Like many Star Wars fans of ‘a certain age’, I’ve weathered my share of Star Wars disappointments; substandard paperback tie-in novels (“Han Solo at Star’s End” “Splinter of the Mind’s Eye”), the dreaded “Star Wars Holiday Special”, as well as the long-anticipated but soul-crushingly disappointing prequels.  What’s kept me going as a fan was an unshakable faith in the dizzying heights that Star Wars could achieve, and still achieves on occasion.

Harrison Ford, Anthony Daniels, Carrie Fisher, and Peter Mayhew in Star Wars: Episode V - The Empire Strikes Back (1980)
^ 1980’s “The Empire Strikes Back”; still my personal best of the best…

While 1977’s “A New Hope” (SW77) fundamentally changed my life, the franchise apexed for me with 1980’s “The Empire Strikes Back” (still my favorite SW movie to this day).   But there have been others in the SW canon that have come close, such as 2016’s “Rogue One.”  I also felt a warm, welcoming wave of nostalgia (the force?) the night I first saw 2015’s “The Force Awakens.”

Harrison Ford and Peter Mayhew in Star Wars: Episode VII - The Force Awakens (2015)
^ “The Force Awakens”: Han and Chewie are “home” again…I’m not crying, you’re crying.

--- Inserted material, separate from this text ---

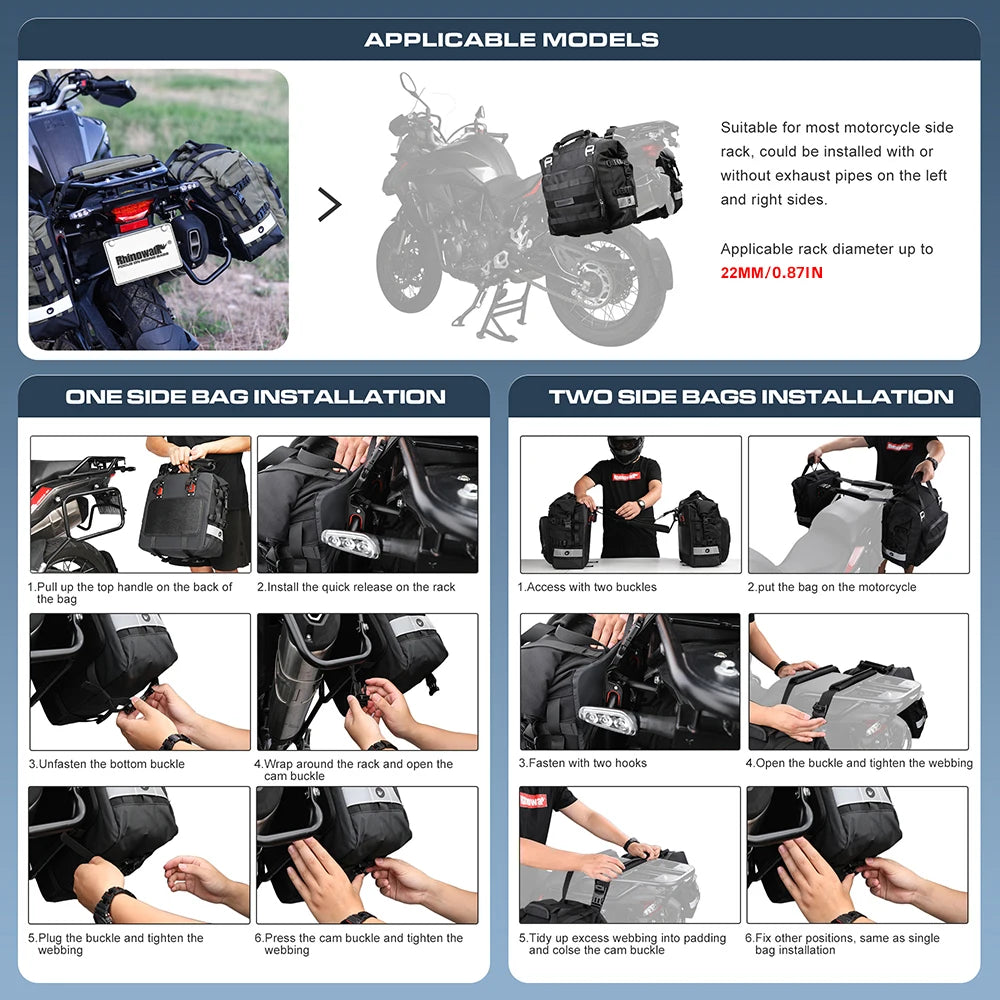 Rhinowalk Motorcycle Side Saddle Bag 20L Universal with Removable 100% Waterproof Inner Bag Motorbike Travel Luggage Accessories – Black / Olive (1PC)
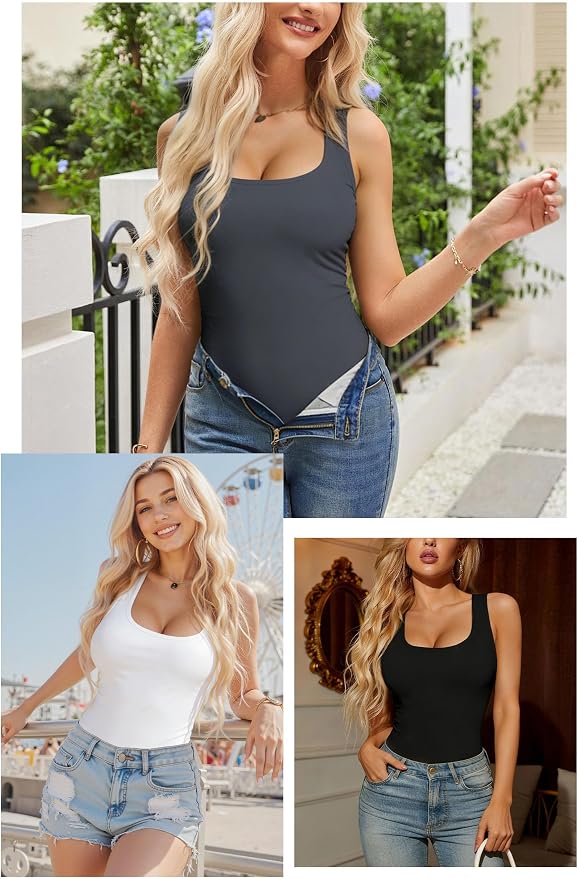 Black White Charcoal Wide-strap Tank Top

At their worst, the Star Wars movies can feel like tiresome, ceaseless parades of overly slick CGI visual effects and one-dimensional characters (I’m looking at you, “Attack of the Clones”…).   At their best, the Star Wars movies can feel like the very reason the art of cinema exists.  It’s cinematic catnip for my generation.   I will never not see a new Star Wars movie in theatrical release; it’s that simple.   Lucasfilm (and Disney) have my money for life.

That long-standing, complicated love I have for Star Wars has been richly rewarded this year with “Solo: A Star Wars Story.” 

Woody Harrelson, Alden Ehrenreich, Emilia Clarke, and Joonas Suotamo in Solo: A Star Wars Story (2018)
“Houston, we have a problem…”

Ron Howard (director of the near-flawless “Apollo 13”) has put together a movie that far surpassed my initial modest hopes for it .   This felt especially comforting after the knee-to-the-groin that was “The Last Jedi”.

**** SPOILERS, BUT NOT EXACTLY SPOILERS ****

^ A factory-fresh Falcon…

Since this is a prequel to a 41 year old-movie series, a few of the major events in the life of Han Solo (Alden Ehrenreich) have already been alluded to in other chapters of the Star Wars saga.   These events, while important points in the movie, are not spoilers.   Any Star Wars fan worth their Kessel spice knows these events as a Biblical scholar knows scripture.

We see Solo’s first encounter with the mighty Chewbacca (Joonas Suotamo),  we see his life on his native Corellia, and of course, the climactic “Kessel Run.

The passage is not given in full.